:: What you are asked to do ::
Using the listing below, set down each line from the line containing "Snowfall-0020" through the line containing "Epsom 4 Jun", both ends included, exactly and with nothing added.

:: Exercise input ::
__________
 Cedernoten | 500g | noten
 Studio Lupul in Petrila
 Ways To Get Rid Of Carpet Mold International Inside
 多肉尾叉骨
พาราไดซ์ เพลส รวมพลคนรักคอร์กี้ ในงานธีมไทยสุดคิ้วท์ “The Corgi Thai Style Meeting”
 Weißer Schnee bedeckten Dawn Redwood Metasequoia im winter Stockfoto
__________
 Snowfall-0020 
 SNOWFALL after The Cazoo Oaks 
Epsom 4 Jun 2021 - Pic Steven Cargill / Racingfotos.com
__________
:: Response ::
 Snowfall-0020 
 SNOWFALL after The Cazoo Oaks 
Epsom 4 Jun 2021 - Pic Steven Cargill / Racingfotos.com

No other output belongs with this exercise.